Terreno's mix of core and value-add investments is 82.3% committed to warehouse and distribution operated as functional, flexible assets adjacent to transportation infrastructure and targeted to submarket tenant demands, including last-mile distribution, a growing imperative in today's e-commerce market.
Terreno Realty by the numbers
Terreno Realty has weathered the pandemic well. In its third-quarter report, the company said its available space was 97.3% leased at the end of the quarter. The company also grew same-store net operating income (NOI) by 16.6% from the year-ago quarter and funds from operations (FFO) by $0.02 from third quarter 2019, to $0.38.

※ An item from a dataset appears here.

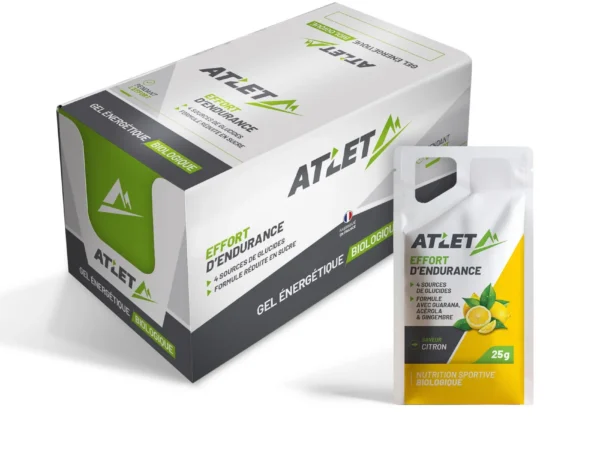 Boîte 45 gels énergétiques bio – citron
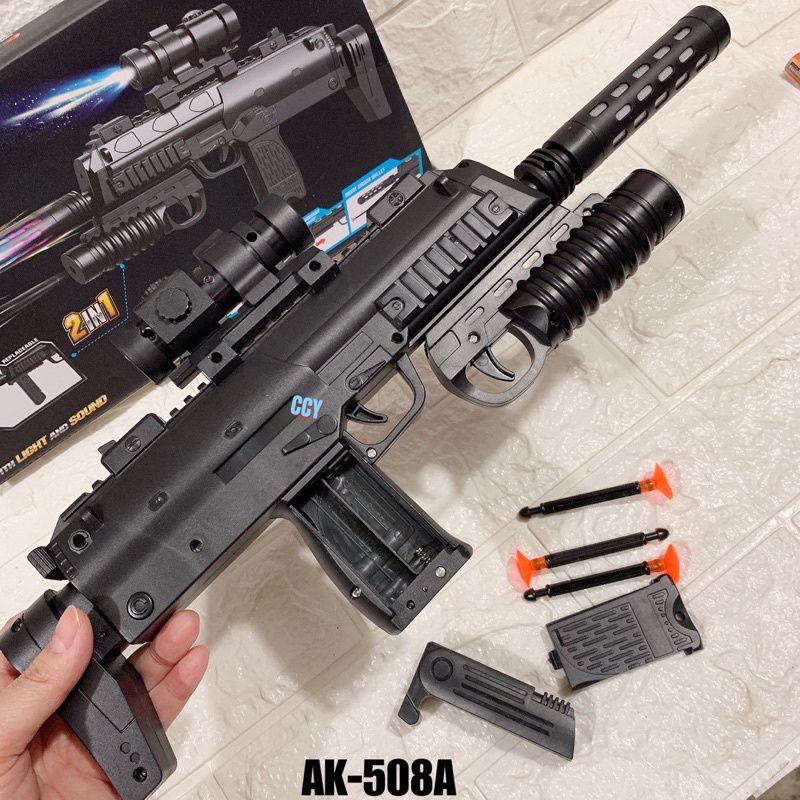 Mainan Pistol Senapan Mp7 Submachine Gun 2in 1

Terreno Realty is currently trading in about the middle of its 52-week range of $42.12-$64.24, and as of the Dec. 14 market close of $55.43, it had a one-year total return of 5.32%. Its yield at a midday Dec. 15 price of $55.58 was 2.08%. Terreno raised its dividend 7.4% to $0.29 per share for the quarter ending Sept. 30, 2020 and repeated that payout for the final quarter of the calendar year, continuing a 10-year streak of steadily rising payouts.
The company also reported a cash balance of $155.3 million and zero drawn on its $250 million credit facility. No debt or liquidity problems to see here.
The Millionacres bottom line
Terreno Realty is, in fact, on a buying tear, announcing the acquisition of nine properties in 2020 alone, as well as a series of new, long-term leases and redevelopments.
And while its portfolio -- 476 customers, 13 million square feet -- is dwarfed by the likes of, say, the largest industrial REIT Prologis (NYSE: PLD) with its 4,655 buildings, 963 million square feet, and 5,500 customers in 19 countries, there's something to be said for small here.
The company's focus on flexible, functional warehouse and distribution space located at crucial spots where large populations meet high-volume distribution centers seems to position it for steady performance through good times and bad.
Terreno also has a growing record of solid payouts and steady growth and is investing heavily in itself in focused markets that may be poised to do very well in an economic recovery and a new normal: for instance, the final steps from arriving imports to last-mile distribution.
If it makes sense to you, too, Terreno Realty is definitely worth considering as a buy, especially for a long-term hold or retirement portfolio.